Because some importers will add some clauses to the L/C terms that do not exist in the contract, the reasonableness of these clauses needs to be screened by enterprises in time. Some of the terms proposed by buyers are not reasonable, such as the requirement to submit a letter of acceptance signed by the buyer, and the signature of the supporting documents to be consistent with the documents kept on file with the bank. Such terms and conditions actually give the decision of L/C payment to the buyer. Therefore, the exporter must compare carefully after receiving the letter of credit from the importing party, and if there is a case of consistency between the letter of credit and the contract terms or if the additional terms are unreasonable, it must be revised.

(2) Timely inspection and notification

After receiving the goods, the importing party must be timely inspection according to the contract, such as no agreement to test as soon as possible, found that the quality, quantity does not meet the agreement to immediately notify the exporting party. If you fail to timely inspection or notification, you may lose the right to present the goods do not match, unless the goods have a shelf life.

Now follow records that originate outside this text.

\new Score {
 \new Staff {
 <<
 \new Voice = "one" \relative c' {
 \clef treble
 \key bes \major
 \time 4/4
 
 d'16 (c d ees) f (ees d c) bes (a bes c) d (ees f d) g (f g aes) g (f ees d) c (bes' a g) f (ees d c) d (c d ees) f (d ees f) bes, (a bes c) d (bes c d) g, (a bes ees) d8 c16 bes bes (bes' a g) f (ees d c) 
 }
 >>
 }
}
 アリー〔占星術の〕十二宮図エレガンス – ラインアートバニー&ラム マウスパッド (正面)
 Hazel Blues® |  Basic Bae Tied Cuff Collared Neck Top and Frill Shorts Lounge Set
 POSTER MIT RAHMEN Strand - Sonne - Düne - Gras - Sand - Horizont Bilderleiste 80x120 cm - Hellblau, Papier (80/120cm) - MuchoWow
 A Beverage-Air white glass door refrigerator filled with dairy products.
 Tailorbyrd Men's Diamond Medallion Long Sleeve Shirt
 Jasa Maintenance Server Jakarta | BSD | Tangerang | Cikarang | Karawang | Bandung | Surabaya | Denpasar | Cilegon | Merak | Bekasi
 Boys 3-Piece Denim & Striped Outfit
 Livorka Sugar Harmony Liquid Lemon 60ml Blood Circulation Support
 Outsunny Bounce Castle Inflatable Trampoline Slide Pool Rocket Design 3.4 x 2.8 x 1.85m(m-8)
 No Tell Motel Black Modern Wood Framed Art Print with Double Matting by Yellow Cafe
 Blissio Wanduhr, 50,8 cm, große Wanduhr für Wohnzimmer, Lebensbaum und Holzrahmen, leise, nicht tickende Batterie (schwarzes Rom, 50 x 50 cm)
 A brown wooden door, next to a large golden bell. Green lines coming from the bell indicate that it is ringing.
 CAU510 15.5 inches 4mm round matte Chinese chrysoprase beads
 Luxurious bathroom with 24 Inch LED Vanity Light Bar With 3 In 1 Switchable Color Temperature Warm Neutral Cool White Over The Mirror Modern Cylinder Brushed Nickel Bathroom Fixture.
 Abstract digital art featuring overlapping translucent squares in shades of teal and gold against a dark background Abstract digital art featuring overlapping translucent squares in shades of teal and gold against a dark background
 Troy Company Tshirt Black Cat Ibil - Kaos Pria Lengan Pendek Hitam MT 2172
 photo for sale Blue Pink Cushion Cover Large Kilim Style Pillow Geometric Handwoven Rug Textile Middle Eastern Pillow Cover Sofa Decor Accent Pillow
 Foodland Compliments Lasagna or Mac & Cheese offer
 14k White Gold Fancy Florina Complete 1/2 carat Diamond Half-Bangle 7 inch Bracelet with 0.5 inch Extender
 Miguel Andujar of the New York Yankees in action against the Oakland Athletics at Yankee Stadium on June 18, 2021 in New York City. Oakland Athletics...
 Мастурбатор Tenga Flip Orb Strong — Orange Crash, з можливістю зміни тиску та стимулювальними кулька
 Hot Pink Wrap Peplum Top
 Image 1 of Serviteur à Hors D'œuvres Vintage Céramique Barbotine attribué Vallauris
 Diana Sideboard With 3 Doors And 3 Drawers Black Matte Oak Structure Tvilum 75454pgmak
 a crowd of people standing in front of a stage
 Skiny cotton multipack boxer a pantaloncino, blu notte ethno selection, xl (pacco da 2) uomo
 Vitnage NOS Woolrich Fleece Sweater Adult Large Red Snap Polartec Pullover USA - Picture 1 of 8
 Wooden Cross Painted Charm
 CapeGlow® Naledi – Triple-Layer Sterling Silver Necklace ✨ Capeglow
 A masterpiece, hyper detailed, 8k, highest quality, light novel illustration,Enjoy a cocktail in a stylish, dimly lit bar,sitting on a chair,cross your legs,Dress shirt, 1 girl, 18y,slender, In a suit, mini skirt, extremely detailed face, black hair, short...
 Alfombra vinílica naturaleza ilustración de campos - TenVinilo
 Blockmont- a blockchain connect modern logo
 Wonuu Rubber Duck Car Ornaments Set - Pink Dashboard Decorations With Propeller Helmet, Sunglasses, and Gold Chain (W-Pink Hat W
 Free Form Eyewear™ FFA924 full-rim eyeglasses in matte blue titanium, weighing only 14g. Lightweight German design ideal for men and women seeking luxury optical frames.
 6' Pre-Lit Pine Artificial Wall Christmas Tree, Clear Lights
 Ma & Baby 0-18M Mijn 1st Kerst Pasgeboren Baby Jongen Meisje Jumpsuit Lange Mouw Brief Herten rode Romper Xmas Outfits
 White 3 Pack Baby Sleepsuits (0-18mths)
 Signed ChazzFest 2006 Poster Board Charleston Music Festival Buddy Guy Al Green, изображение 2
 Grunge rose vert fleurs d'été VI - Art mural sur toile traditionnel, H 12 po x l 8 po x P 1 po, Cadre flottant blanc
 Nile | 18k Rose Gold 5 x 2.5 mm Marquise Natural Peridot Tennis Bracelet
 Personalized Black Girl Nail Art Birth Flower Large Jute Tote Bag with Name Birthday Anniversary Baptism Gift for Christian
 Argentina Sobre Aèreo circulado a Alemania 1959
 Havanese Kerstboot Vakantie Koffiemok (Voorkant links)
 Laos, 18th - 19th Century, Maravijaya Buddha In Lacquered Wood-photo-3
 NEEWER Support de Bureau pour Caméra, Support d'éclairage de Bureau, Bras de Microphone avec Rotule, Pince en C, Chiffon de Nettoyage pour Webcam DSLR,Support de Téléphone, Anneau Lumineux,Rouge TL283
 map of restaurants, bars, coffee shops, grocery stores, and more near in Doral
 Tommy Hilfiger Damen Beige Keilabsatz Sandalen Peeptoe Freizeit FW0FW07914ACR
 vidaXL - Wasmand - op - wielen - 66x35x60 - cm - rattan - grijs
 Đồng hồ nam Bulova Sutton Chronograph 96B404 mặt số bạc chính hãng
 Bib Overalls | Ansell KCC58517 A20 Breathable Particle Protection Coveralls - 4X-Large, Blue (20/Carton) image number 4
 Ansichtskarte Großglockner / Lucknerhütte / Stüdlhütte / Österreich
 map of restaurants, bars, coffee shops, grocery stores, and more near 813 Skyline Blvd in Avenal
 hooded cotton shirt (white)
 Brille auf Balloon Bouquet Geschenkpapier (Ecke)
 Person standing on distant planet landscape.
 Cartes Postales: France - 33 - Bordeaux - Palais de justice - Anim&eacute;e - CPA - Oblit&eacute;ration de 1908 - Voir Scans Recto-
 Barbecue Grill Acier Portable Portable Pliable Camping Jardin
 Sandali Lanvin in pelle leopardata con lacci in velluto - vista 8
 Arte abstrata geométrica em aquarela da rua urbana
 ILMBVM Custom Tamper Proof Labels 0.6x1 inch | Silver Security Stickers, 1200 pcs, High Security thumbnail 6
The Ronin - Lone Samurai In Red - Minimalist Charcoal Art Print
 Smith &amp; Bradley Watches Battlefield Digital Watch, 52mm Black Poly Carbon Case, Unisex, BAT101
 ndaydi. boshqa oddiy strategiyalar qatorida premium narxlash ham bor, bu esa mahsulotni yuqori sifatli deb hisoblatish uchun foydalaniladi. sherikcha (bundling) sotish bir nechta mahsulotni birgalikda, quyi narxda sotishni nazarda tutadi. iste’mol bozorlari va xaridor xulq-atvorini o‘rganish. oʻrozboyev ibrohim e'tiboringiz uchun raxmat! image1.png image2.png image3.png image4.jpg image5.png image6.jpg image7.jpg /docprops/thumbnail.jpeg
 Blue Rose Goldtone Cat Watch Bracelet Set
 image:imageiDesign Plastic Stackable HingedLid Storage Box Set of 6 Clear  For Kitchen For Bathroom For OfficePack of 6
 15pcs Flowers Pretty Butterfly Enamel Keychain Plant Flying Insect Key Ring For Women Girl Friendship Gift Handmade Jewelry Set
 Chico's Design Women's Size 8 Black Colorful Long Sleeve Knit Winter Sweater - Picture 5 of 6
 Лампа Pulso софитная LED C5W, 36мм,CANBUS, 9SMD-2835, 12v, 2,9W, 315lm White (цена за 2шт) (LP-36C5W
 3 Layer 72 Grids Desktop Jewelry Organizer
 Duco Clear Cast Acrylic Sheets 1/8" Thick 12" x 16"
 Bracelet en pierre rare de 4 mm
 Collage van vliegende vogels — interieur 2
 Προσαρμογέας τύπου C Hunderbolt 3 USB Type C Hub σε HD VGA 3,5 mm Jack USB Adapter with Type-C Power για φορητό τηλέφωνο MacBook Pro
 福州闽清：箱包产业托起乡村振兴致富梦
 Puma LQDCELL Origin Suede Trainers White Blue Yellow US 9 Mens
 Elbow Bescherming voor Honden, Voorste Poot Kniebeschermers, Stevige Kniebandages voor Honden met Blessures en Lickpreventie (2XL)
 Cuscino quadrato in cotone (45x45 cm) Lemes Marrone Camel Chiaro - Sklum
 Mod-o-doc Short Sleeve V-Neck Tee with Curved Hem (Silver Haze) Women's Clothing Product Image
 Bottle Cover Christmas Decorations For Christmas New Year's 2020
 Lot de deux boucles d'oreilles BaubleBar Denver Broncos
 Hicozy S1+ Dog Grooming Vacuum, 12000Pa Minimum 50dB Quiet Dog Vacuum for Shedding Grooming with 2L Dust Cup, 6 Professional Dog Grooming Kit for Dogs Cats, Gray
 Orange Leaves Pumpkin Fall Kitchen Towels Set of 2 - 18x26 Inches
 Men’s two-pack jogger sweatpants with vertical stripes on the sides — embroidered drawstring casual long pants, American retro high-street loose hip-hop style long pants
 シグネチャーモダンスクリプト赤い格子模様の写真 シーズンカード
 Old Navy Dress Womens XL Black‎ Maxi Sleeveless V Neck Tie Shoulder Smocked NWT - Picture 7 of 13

(3) Example analysis: Import production line installation process considerations

In international trade, there are many cases in the industrial field where production lines need to be purchased from abroad. Because the imported line does not only involve the issue of product quality, but also the process of installation, commissioning and acceptance, which not only has a long period but also requires the coordination and cooperation of both parties, in addition, it is often difficult to define the problems that arise in such cases.

Therefore, during the installation of imported production lines, there are more issues that need attention. For example, for the issue of supporting facilities, if the Chinese side wants to provide part of the supporting facilities, it should try to choose those units that are functionally independent and easier to define the scope of the problem after it occurs, and ask the main equipment supplier to provide detailed interface data; regarding workers, the supplier can be required to train its own workers before installation and start working after they are qualified; raw materials can be required to be first The raw materials can be required to be qualified by the other party first; each party should hire interpreters to avoid the other party to put the responsibility on their own side when there is a communication barrier; in the process of installation, each day’s work should be formed into a written record and signed by both parties to confirm.

Conclusion

In summary, international trade transactions have differences in the legal provisions of various countries, and there are many uncertainties, resulting in trade parties face more contractual legal risks, enterprises should pay attention to fully understand the local trading policies, develop appropriate risk resolution measures to ensure the safety of the transaction, and take appropriate precautions against possible legal risks.